Miscellaneous

What is a sufficient population?

What is a sufficient population?

A sufficient statistic summarizes all of the information in a sample about a chosen parameter. For example, the sample mean, x̄, estimates the population mean, μ. x̄ is a sufficient statistic if it retains all of the information about the population mean that was contained in the original data points.

What is meant by sufficient estimator?

An estimator of a parameter θ which gives as much information about θ as is possible from the sample at hand is called a sufficient estimator. Sufficient estimators exist when one can reduce the dimensionality of the observed data without loss of information.

How do you know if a statistic is sufficient?

The mathematical definition is as follows.
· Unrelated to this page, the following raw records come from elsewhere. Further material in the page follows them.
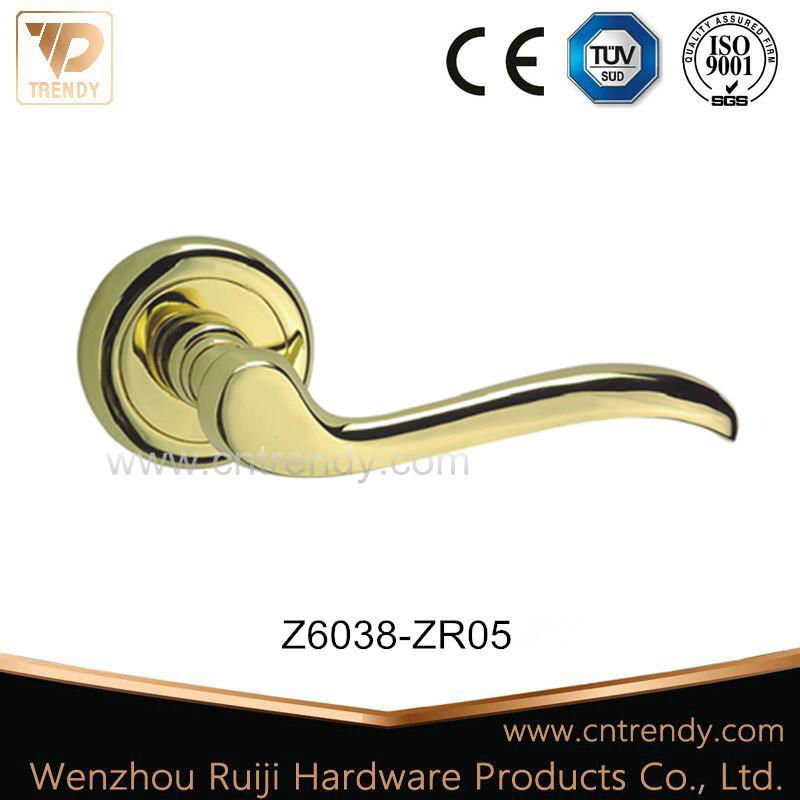 Polished Brass Zinc Alloy Interior Lever Door Handle on Rose (Z6034-ZR05) 4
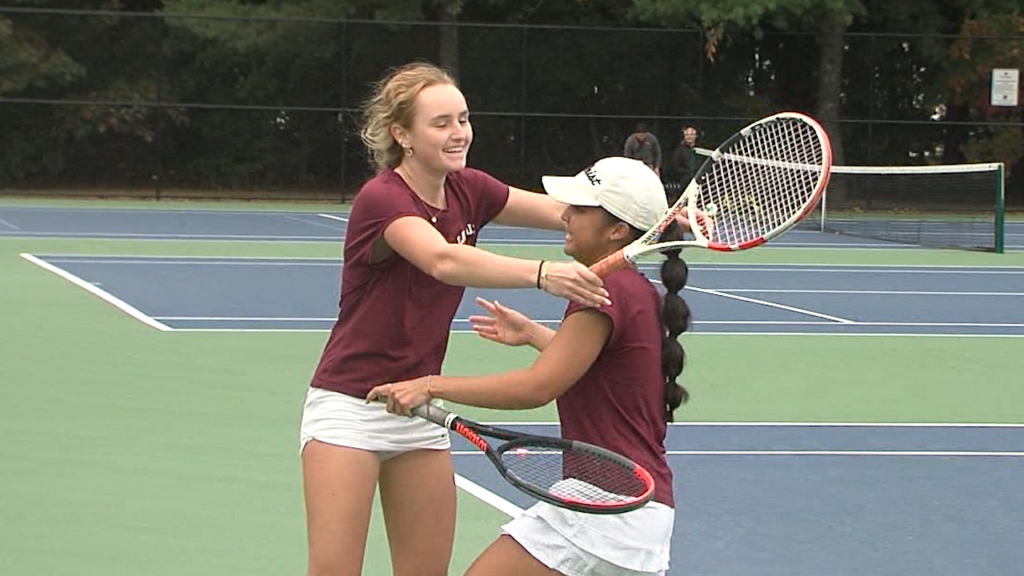 74218 Sot Riil Tennis Doubles Final S Isteele00 02 04 47still001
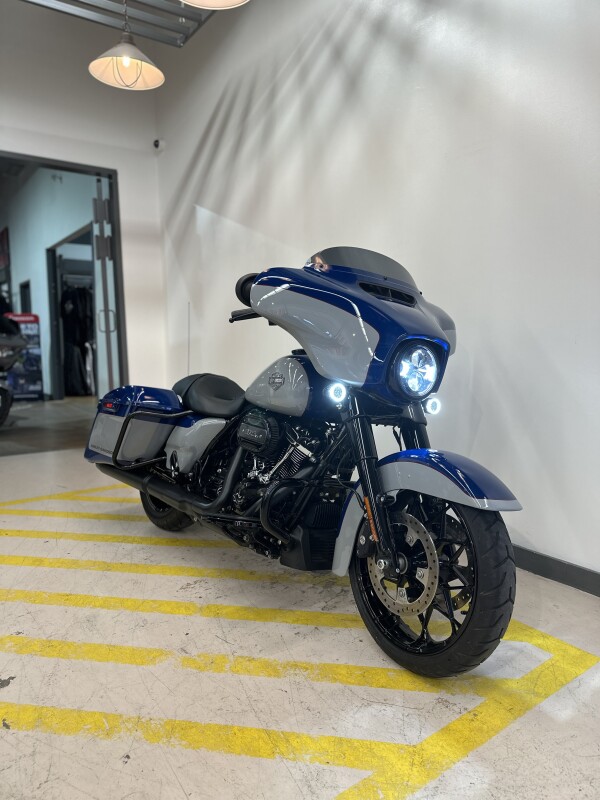 2023 Harley-Davidson Street Glide Special Bright Billiard Blue/Billiard Grey - Black Finish - Photo 2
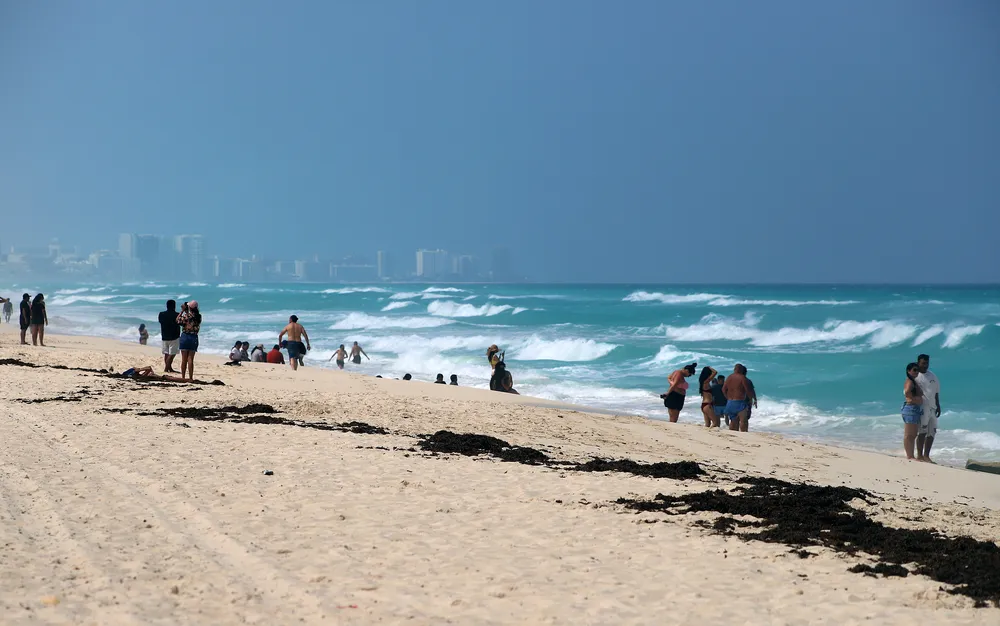 Ураганът "Берил" достигна Мексико - подробности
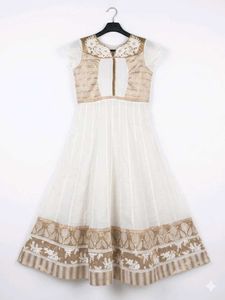 Elegant White Kurta with Embellished Border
A statistic T = r(X1,X2,··· ,Xn) is a sufficient statistic if for each t, the conditional distribution of X1,X2, ···,Xn given T = t and θ does not depend on θ.

What is a complete sufficient statistic?

(Basu’s Lemma) If T(X) is complete and sufficient (for θ ∈ Θ), and S(X) is ancillary, then S(X) and T(X) are independent for all θ ∈ Θ. In other words, a complete sufficient statistic is independent of any ancillary statistic.
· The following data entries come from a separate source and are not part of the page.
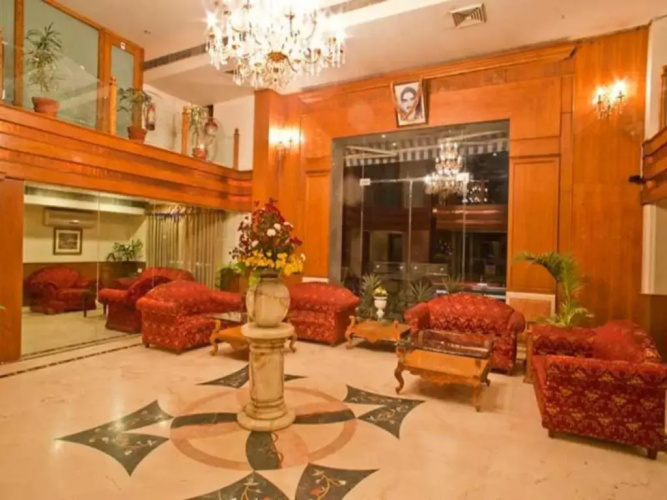 Hotel Om Tower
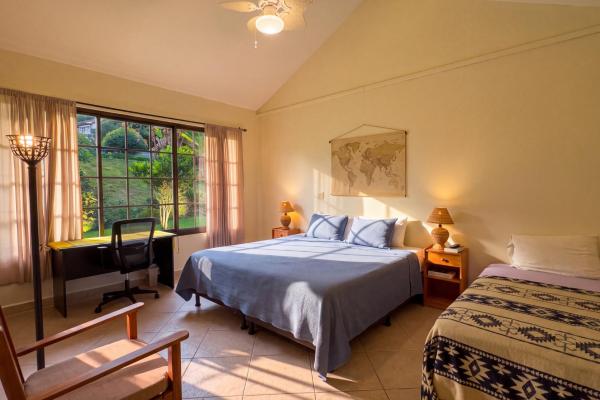 Two villas with 6 bedrooms and mountain views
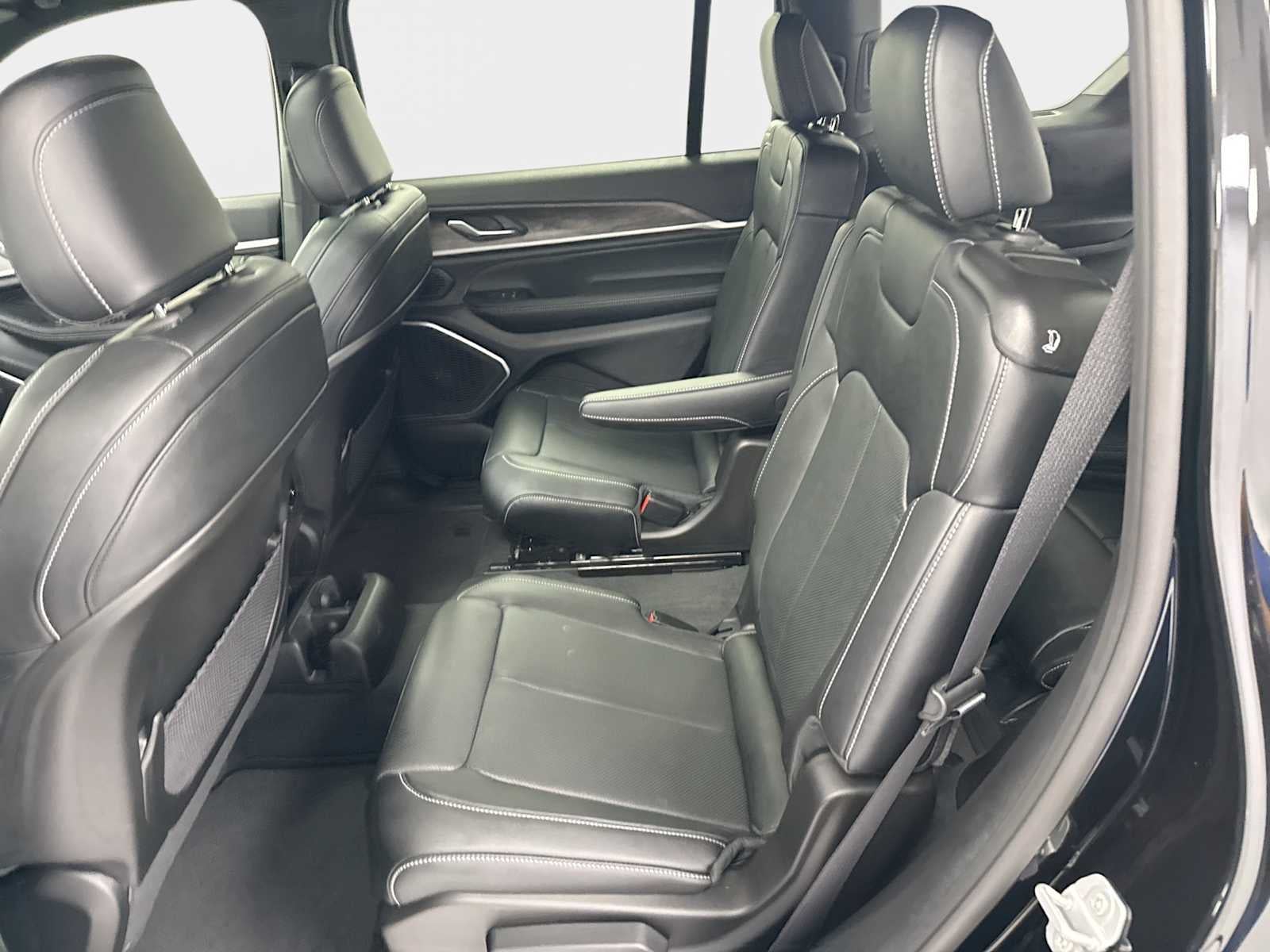 2027 Jeep Grand Cherokee L Limited Reserve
Why do we use sufficient statistics?

Short Answer: A sufficient statistics carries with it all the information needed to make inference about the population, excluding information that gives sample specific . So given the sufficient statistics, you can do the same inferential analysis without your entire data.
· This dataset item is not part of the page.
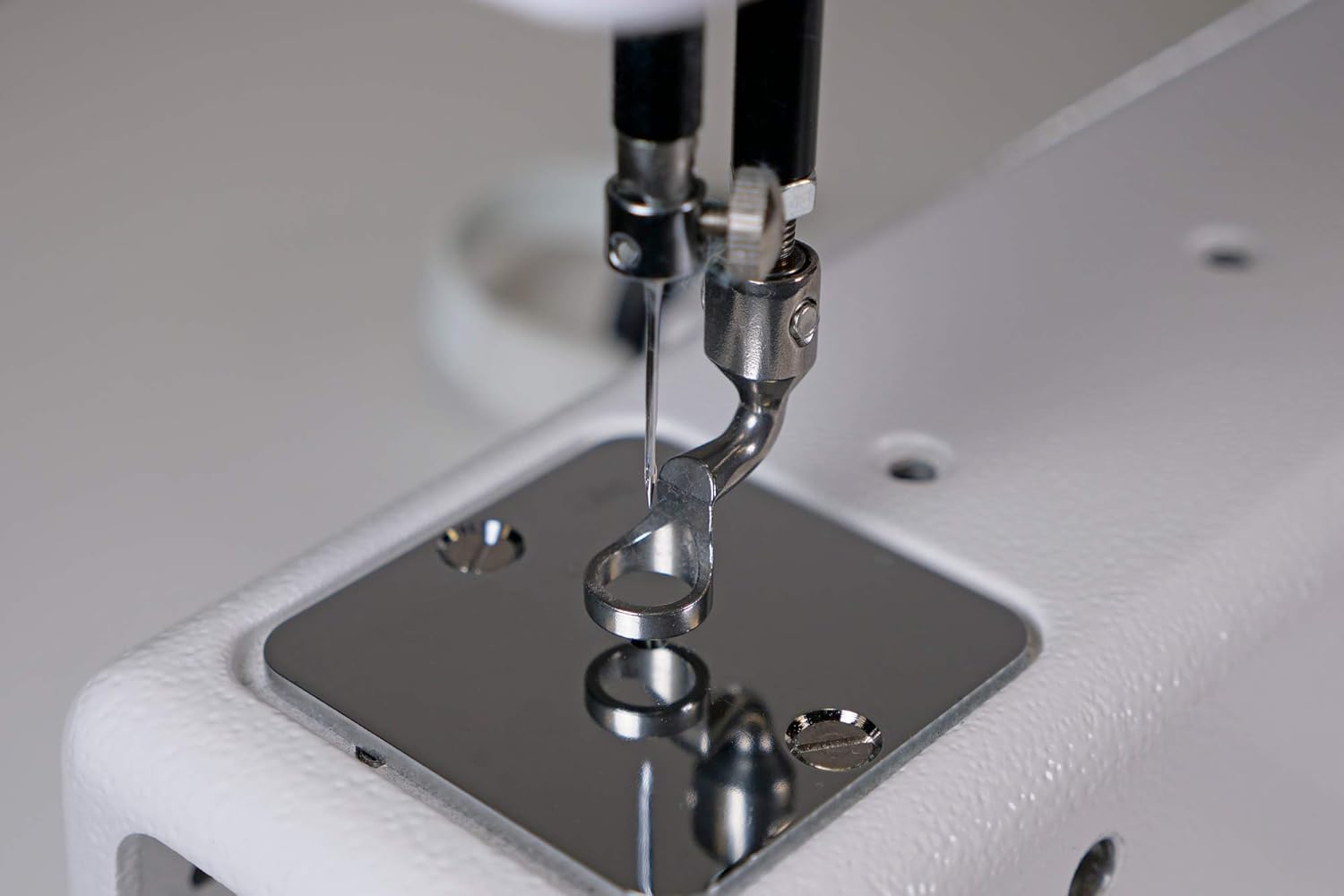 Handi Quilter Moxie 15-inch Longarm Quilting Machine with 8-foot HQ Loft Frame | Quilting Machine and Quilting Frame | Handi Quilter Longarm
Is sufficient statistic unique?

Sufficient statistics are not unique: Any one-to-one transformation of a sufficient statistic is again a sufficient statistic.

What does jointly sufficient mean?

individually necessary
Frequently the terminology of “individually necessary” and “jointly sufficient” is used. One might say, for example, “each of the members of the foregoing set is individually necessary and, taken all together, they are jointly sufficient for x’s being a square.”

What is a scalar sufficient statistic?

In statistics, a statistic is sufficient with respect to a statistical model and its associated unknown parameter if “no other statistic that can be calculated from the same sample provides any additional information as to the value of the parameter”.

Does sufficient statistic always exist?

Under mild conditions, a minimal sufficient statistic does always exist.

Does sufficient statistics always exist?

Is sufficient statistic always exist?

Hence, a sufficient statistic always exists. We can compute the density of the sufficient statistics. Many statistical problems can be phrased in the language of decision theory. Suppose as usual that we have data X whose distribution depend on a parameter Θ.

Why is sufficiency important in statistics?